Option 2: Image Folder and Pose File

Prepare an image folder with timestamped image files:

image_<sec>_<nsec>.jpg
image_<sec>_<nsec>.png

Prepare poses in either CSV format trajectory.csv:

# counter, sec, nsec, x, y, z, qx, qy, qz, qw
0, 1769886345, 745156160, 0, 0, 0, 0, 0, 0, 1

or TUM format trajectory.txt:

# timestamp tx ty tz qx qy qz qw
1769886345.745156160 0 0 0 0 0 0 1

Run:

cd ~/git/ScaRF-SLAM
python3 run_mapping.py \
  --slam_folder $OUTPUT_FOLDER \
  --image_folder $IMAGE_FOLDER \
  --poses $TRAJECTORY_FILE \
  --config config/scarf_slam/ori_insta_offline.yaml

The system first synchronizes the trajectory and image timestamps, then creates a temporary ROS2 MCAP bag with rosbags. The temporary bag is written under a tmp/synced_bags directory next to the output session folder and is deleted automatically when processing finishes.

If you encounter a CUDA out-of-memory error, please refer to Issue #2.

⚠️ If the images are already rectified pinhole images, update the pinhole intrinsics and resolution in the config file and remove any fisheye_cam* sections:

# Example
pinhole_intrinsics: [463.99945, 463.25045, 400, 300]
pinhole_resolution: [800, 600]

Quick Start Example

You can use ORI R05 as a short starting sequence to check that the offline mapper is configured correctly.

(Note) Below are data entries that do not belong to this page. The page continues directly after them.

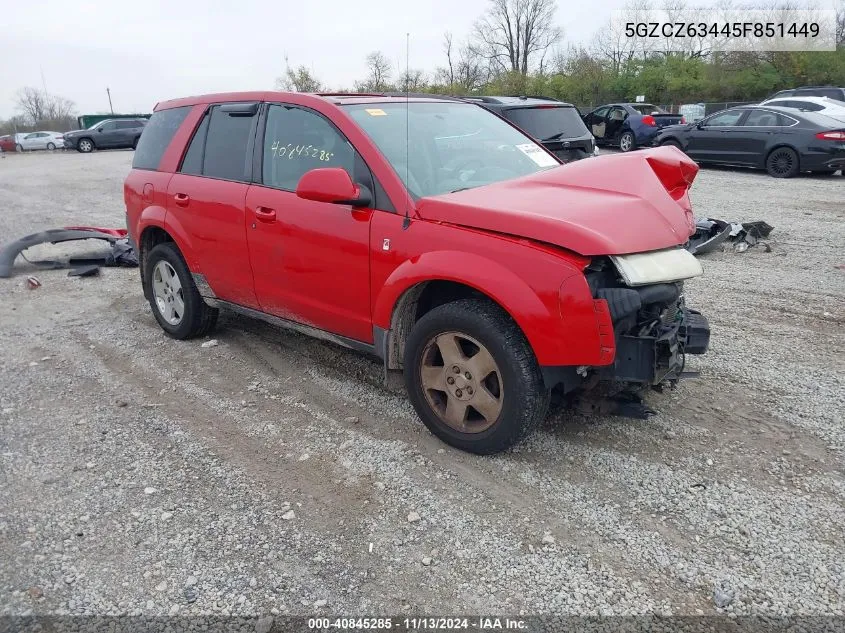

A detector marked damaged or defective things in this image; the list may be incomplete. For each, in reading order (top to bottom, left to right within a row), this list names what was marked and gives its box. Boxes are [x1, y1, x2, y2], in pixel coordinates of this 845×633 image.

wrecked vehicle part [0, 227, 135, 276]
damaged red suv [123, 90, 704, 454]
crumpled front end [588, 252, 704, 386]
detached bumper [604, 304, 708, 382] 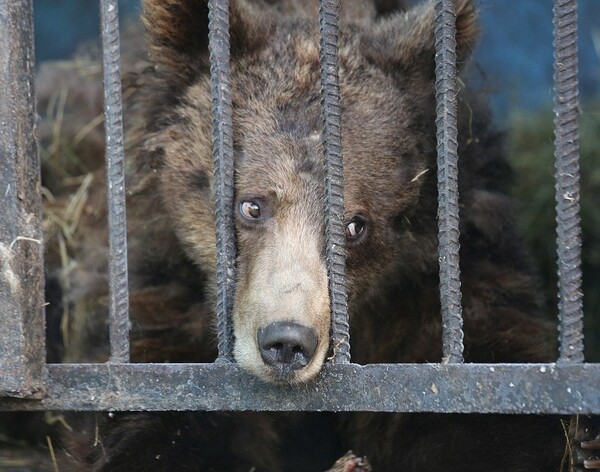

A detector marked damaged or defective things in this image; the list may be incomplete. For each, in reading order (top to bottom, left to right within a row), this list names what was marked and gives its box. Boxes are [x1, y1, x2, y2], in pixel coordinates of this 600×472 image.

rusty metal bar [0, 0, 44, 398]
rusty metal bar [100, 0, 131, 364]
rusty metal bar [206, 0, 234, 362]
rusty metal bar [316, 0, 350, 364]
rusty metal bar [436, 0, 464, 364]
rusty metal bar [552, 0, 584, 364]
rusty metal bar [1, 362, 600, 412] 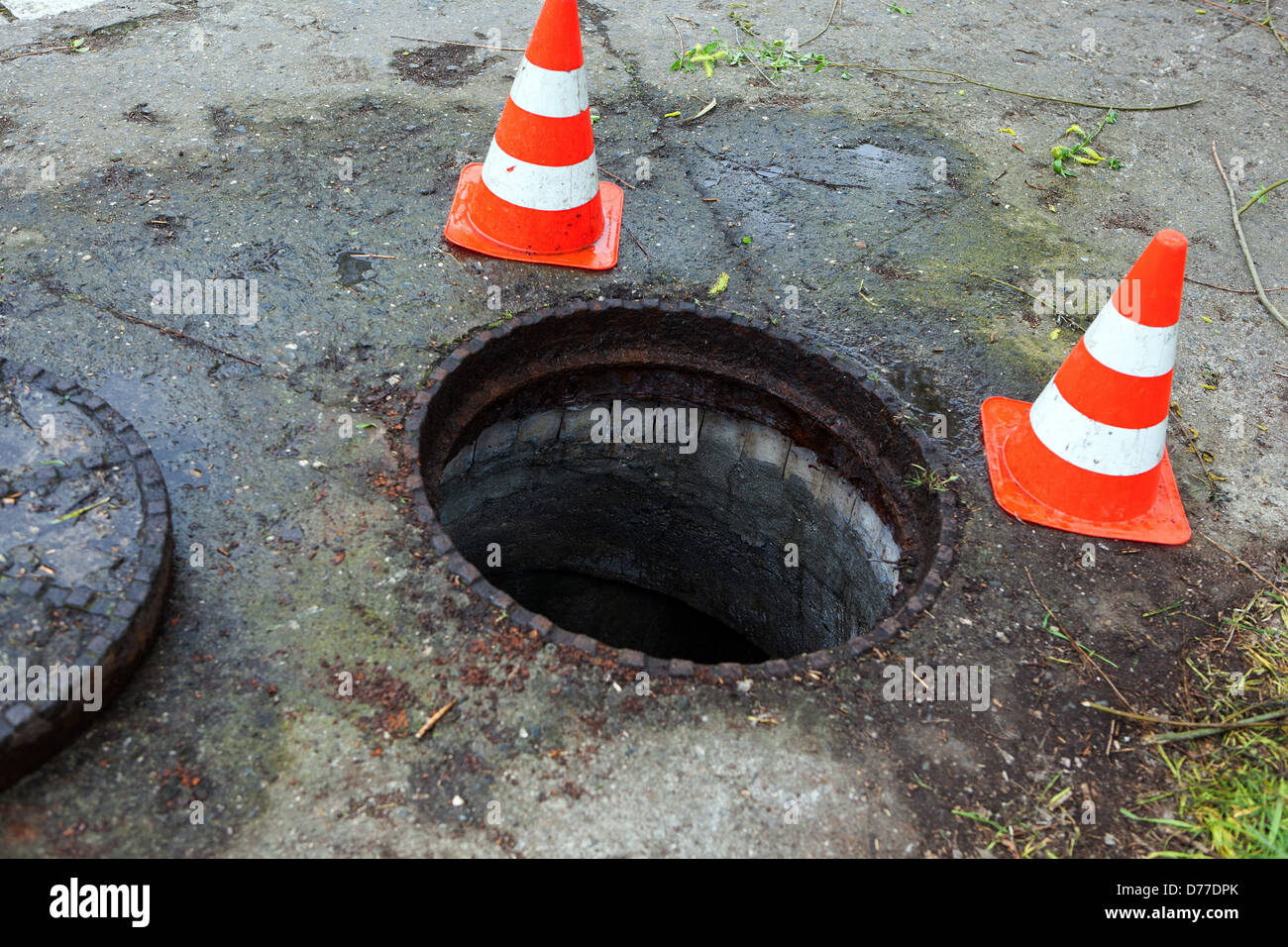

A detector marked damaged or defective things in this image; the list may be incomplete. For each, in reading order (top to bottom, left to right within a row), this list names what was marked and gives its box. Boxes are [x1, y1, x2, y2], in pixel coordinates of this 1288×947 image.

rusty manhole frame [0, 359, 173, 789]
rusty manhole frame [406, 299, 959, 678] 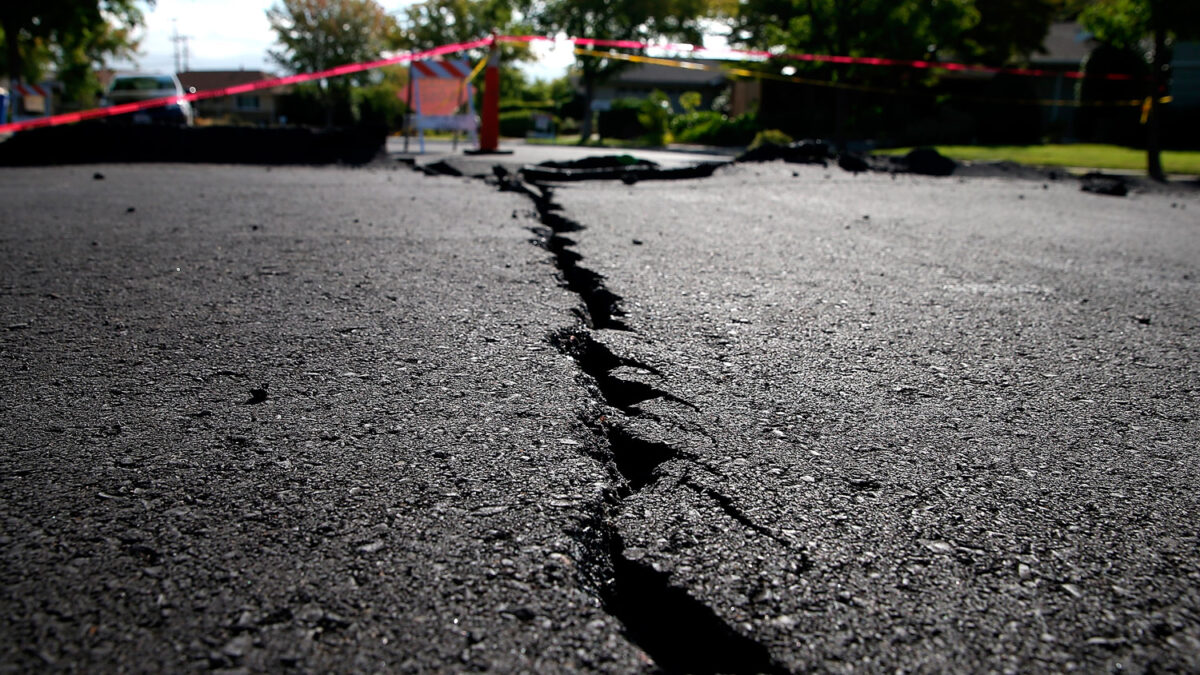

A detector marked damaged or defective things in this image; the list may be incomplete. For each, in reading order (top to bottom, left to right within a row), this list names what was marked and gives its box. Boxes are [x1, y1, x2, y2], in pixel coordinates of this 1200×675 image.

🚀 Online Reconstruction with SLAM

For reproducibility and easier integration with other classical SLAM systems, ScaRF-SLAM keeps dense mapping separate from the SLAM frontend. The online reconstruction workflow is:

Run a classical SLAM system, such as OV-SLAM, and save the published image, odometry, and trajectory topics as a ROS2 bag. This bag captures the information that an online SLAM system would provide during runtime.
Run the ScaRF-SLAM mapping module on the saved ROS2 bag. The mapper reads the bag incrementally and uses only the poses available at each timestamp, which mimics the behavior of a SLAM frontend running concurrently with dense mapping.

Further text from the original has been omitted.